◆ DATASET CONTENT
——————————
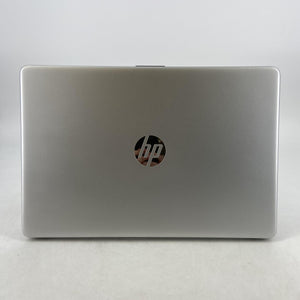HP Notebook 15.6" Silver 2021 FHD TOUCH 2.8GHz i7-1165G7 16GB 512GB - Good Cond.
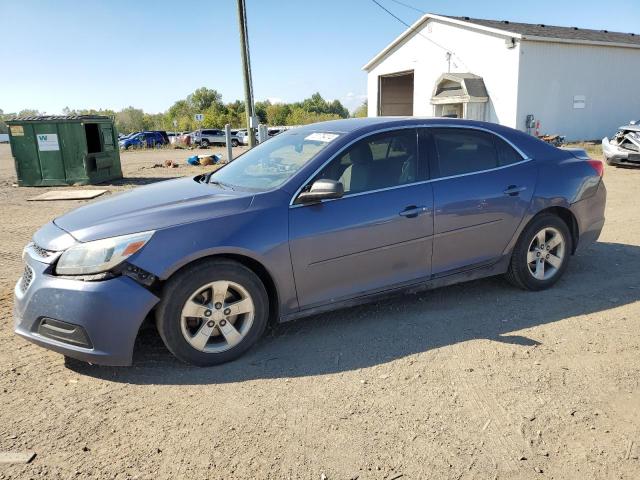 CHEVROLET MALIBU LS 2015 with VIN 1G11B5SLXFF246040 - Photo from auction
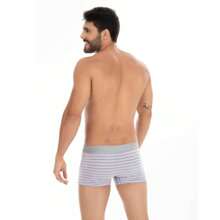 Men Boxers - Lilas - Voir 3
——————————
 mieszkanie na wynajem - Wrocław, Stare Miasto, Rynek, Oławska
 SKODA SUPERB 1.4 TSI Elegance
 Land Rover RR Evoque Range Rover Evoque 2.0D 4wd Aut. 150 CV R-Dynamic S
——————————
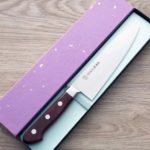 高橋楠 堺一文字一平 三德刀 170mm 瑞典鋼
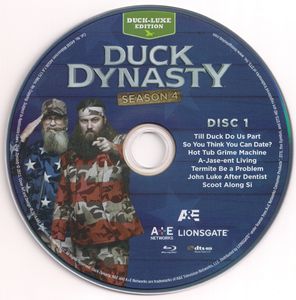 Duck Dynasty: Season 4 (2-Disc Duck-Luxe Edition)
——————————
◆ WORK INSTRUCTIONS
Can you repeat, word for word, every line above from the one containing "mieszkanie na wynajem" down to the one containing "Land Rover RR", including both?

◆ OUTPUT BELOW
 mieszkanie na wynajem - Wrocław, Stare Miasto, Rynek, Oławska
 SKODA SUPERB 1.4 TSI Elegance
 Land Rover RR Evoque Range Rover Evoque 2.0D 4wd Aut. 150 CV R-Dynamic S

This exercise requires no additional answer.